It’s not easy being green (or an economist for that matter)
Old habits are hard to beat. When economists see a market failure, the reaction is a wish to correct them. For instance, when we think we spot a case of tragedy of the commons (resulting in overfishing, overgrazing, (over)polluting) we want to introduce property rights, regulation or incentives. Over the years, however, research in the field of behavioural economics have shown us that we may want to slow down and think differently. It turns out that users of commons (such as grazing lands) often invent complex social schemes that work and that don’t require outside interference from incentives or regulation. Indeed, sometimes incentives can have negative consequences, because they displace (crowd out) other motivations and disturb a fragile social and economic balance. Examples of this being the case come from a as diverse fields as the use of penalties for parents arriving late to collect their children from kindergarten, paying parents in poor countries to send their children to school, and the management of communal cattle grazing lands (good sources for further information on these cases include Sam Bowles (The Moral Economy), Daniel Kahnemann (Thinking Fast and Slow) and Kate Raworth (Doughnut Economics))

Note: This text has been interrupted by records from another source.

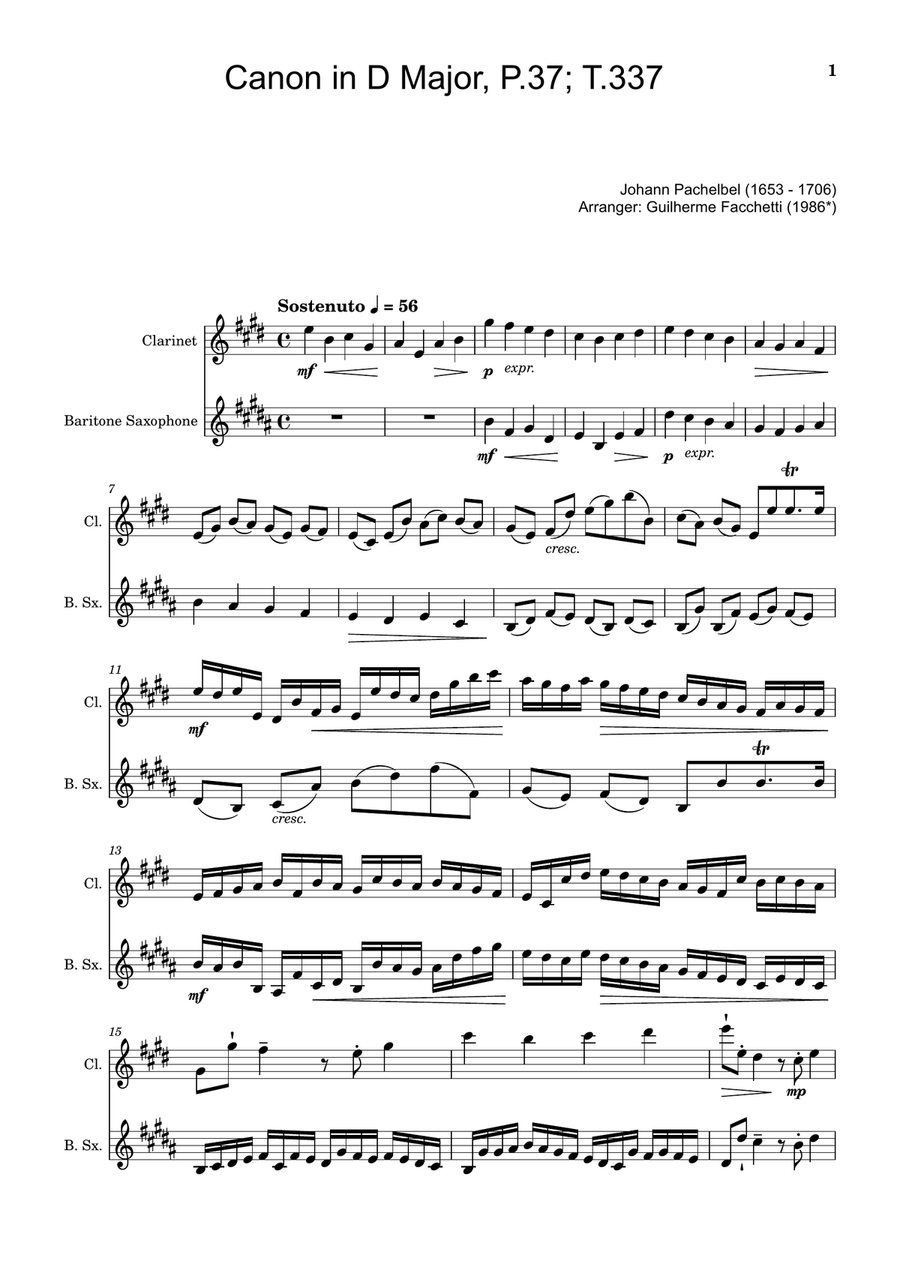 Canon in D Major, P.37; T.337. Clarinet and B. Sax Woodwind Duet scores gallery preview page 1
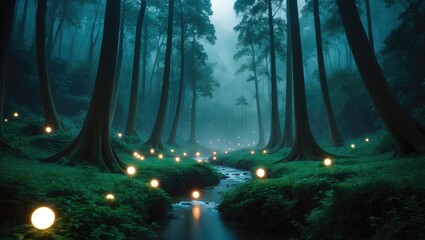 Magical lights gleaming in a nighttime forest.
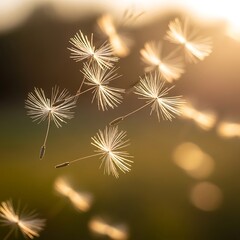 Obraz premium Dandelion seeds blowing in the wind.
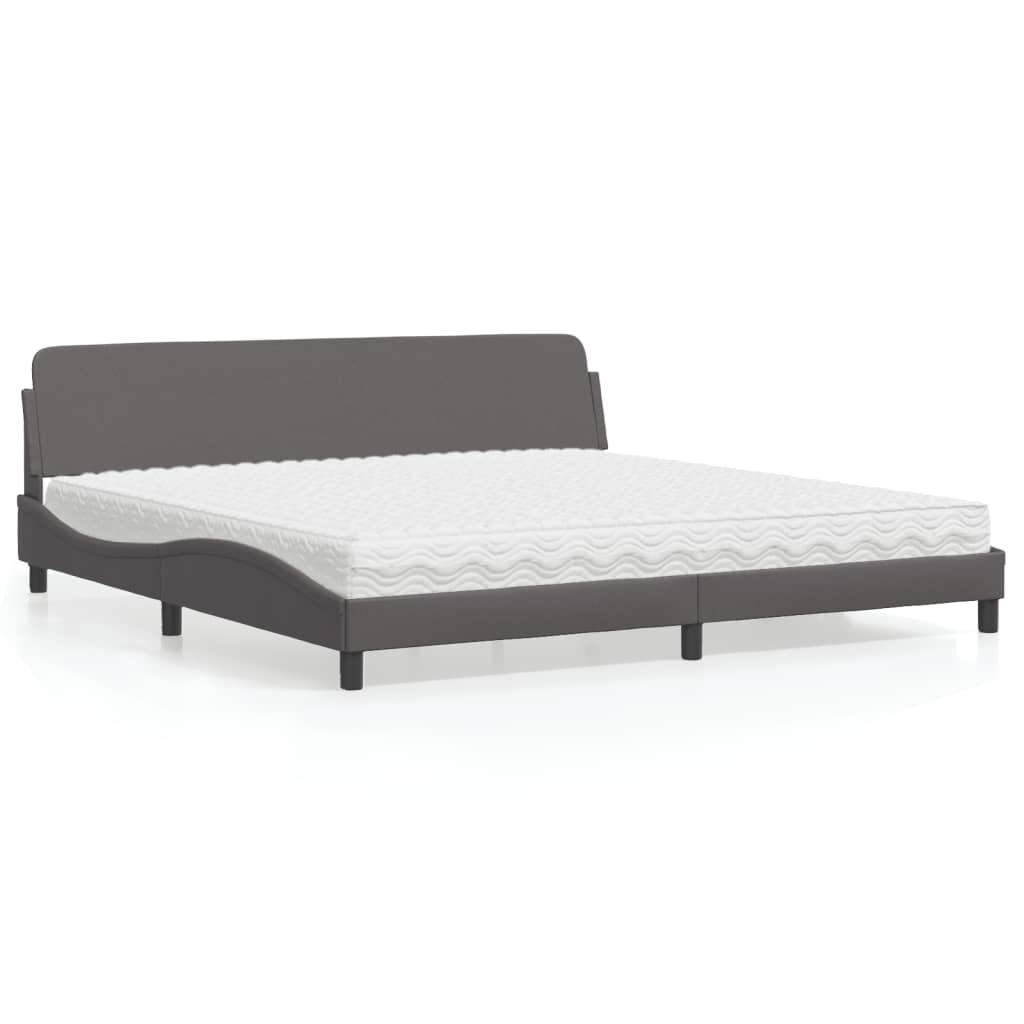 Bed met matras "Dover" kunstleer grijs 200x200 cm is nu te koop bij PeponiXL, paradijselijk wonen!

So, research in the field of behavioural economics has shown us that human beings don’t necessarily respond as predicted to incentives and are motivated by a lot more than just money (such as reciprocity, social standing, altruism). Economists (and everyone else!) have sort of known this for a long time but we haven’t changed our policy prescriptions accordingly. The stickiness in our response to the new research can be explained by a variety of reasons: it’s always painful to rejig explanations and recommendations, it takes time and patience to convince the audience (policy makers, the public) and the new paradigm is typically more complicated and situation-dependent than the old standardised response we built around homo economicus.